Monday, October 3, 2011

Is any continuous improvement good continuous improvement?

Ask any quality manager and they will probably tell you that driving continuous improvement is a big part of their job. Sometimes, we'll take any continuous improvement we can get. However, I suggest that not all continuous improvement is good continuous improvement. So, what make continuous improvement "good" and more importantly what does not fit the bill?

Regardless of what your system of continuous improvement is, lean, or six sigma, the customer is at the center of it all. All that we do for CI should be connected to the customer in some way. The problem sometimes comes when we have a system for CI but we don't fully understand all of the elements correctly or we don't give proper guidance about what is off limits. I'll give an example. In a recent situation, I found that shop personnel had made a decision to stop doing some important quality checks on the product. When I asked why, I was told that they were trying to save time (one of the 8 lean wastes) and they didn't think the checks were all that important anyway.

After I parachuted back to earth from my launch into the stratosphere, I realized that what had happened was that some cursory training had occurred about lean wastes and that we should strive to eliminate them, then no guard rails were put put up to indicate what things would be off-limits, and so people were searching for ways to reduce cycle times and the quality checks were a convenient target for a couple of reasons. They are extra work to the process of building the product, they are non-value added (the customer does not want to pay for them), and no one told them they had to keep doing them. So the quality checks were stopped.

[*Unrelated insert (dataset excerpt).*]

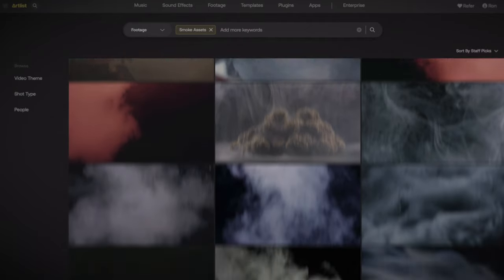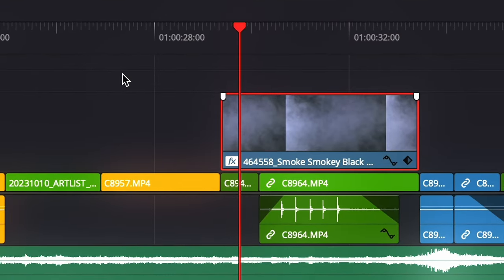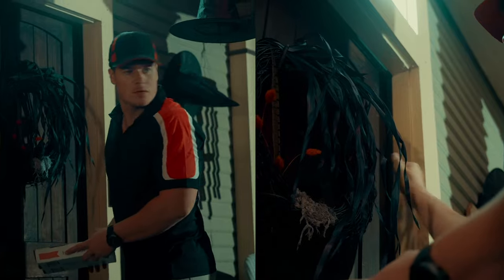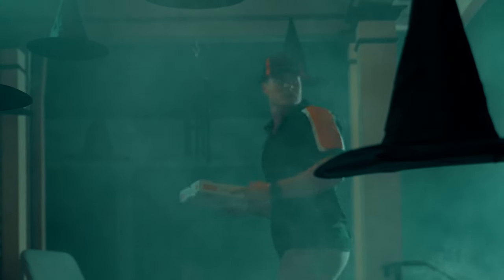I also have to mention how Artlist's video assets side actually saved one of the shots. There was a scene where we forgot to haze up the porch, and the shot before had a ton of haze, so when it cut back and forth it didn't look right. I did a quick search for a smoke asset, dragged it into my timeline, matched the color of the fog from the clip before, and now the scenes match beautifully.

Only one problem, if we consider lean from the customers' viewpoint. They want a high quality product exactly at the moment they need it. Quality checks are not a part of that equation in an ideal world where quality is built into the product and the process. In the real world however, some non-value added work is necessary to ensure the customer gets the high quality product they are paying for. Its non-value added but necessary, sort of a necessary evil kind of thing.

So, not all CI is good CI. The only good CI is that which does not sacrifice anything that is important to the customer.